El insuficiente logro en este aspecto debería mover a buscar fórmulas culturales nuevas y no a fiar todo de la tecnología, que ya ha hecho mucho más por nosotros de lo que nosotros llevamos hecho por nuestros semejantes. Si tenemos en cuenta la aparente dirección del proceso civilizatorio –expandir relaciones sociales de confianza, fomentar la racionalidad y controlar la agresividad- lo lógico es esperar alternativas sociales en las que la cooperación deje de implicar los actuales efectos secundarios de conflictividad, competitividad y materialismo. Hasta ahora, el progreso social ha ido en ese sentido: culturas que cada vez han dado más relevancia al altruismo y la mutua introspección de la privacidad individual en un entorno de seguridad benevolente.
Y este tipo de ideas no ayudan:
La democracia ha salido vencedora porque en las condiciones únicas de finales del siglo XX el procesamiento distribuido funcionaba mejor. En otras condiciones (las predominantes en el antiguo Imperio romano, por ejemplo), el procesamiento centralizado tenía ventaja, razón por la que la República romana cayó y el poder pasó del Senado y las asambleas populares a las manos de un único emperador autócrata. Esto implica que a medida que las condiciones de procesamiento de datos vuelvan a cambiar en el siglo XXI, la democracia podría decaer e incluso desaparecer
A menudo imaginamos que la democracia y el mercado libre ganaron porque eran “buenos”. En realidad, ganaron porque mejoraron el sistema global de procesamiento de datos.
Naciones como China, Corea del Sur y Chile alcanzaron un mayor crecimiento económico en tiempos recientes gracias a formas políticas autoritarias (¿procesamiento centralizado?). Otra cosa es que tales fórmulas puedan mantenerse a largo plazo, porque parece que existe un paralelismo en el desarrollo ético y el desarrollo económico (cuando la vida se hace menos embrutecedora, se aprecia más el bien común). Y este fenómeno de fomento de la empatía gracias a un gradual desarrollo económico sí equivale a que la democracia gana por ser “buena”.

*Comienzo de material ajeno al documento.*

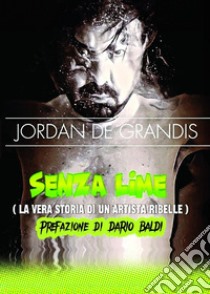 Senza lime (la vera storia di un artista ribelle) libro di De Grandis Jordan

Al ignorar la dimensión ética del desarrollo civilizatorio, Harari actúa como un pequeño Marx. También Marx ponía todo el énfasis en el desarrollo de las estructuras de producción económica que llevaría al progreso social. Harari lo hace con la tecnología. Marx se equivocó, y el pequeño Marx probablemente también se equivoca. Es el progreso ético, instrumentalizado en concepciones novedosas de las relaciones humanas culturalmente transmitidas, el que permite el auge gradual de la cooperación eficiente que a su vez lleva al desarrollo económico y tecnológico. Los reyes no toleraron la riqueza de las ciudades libres porque quisieran hacerse ricos cobrándoles impuestos, y los nobles feudales no renunciaron a su poder porque el rey fuese capaz de forzarlos a permitir la libertad de las ciudades: los reyes ya eran ricos y los nobles feudales nunca carecieron de poder, solo cambiaron de estilo de vida a partir de un cambio cultural que estaba teniendo lugar y del cual ellos no eran del todo conscientes.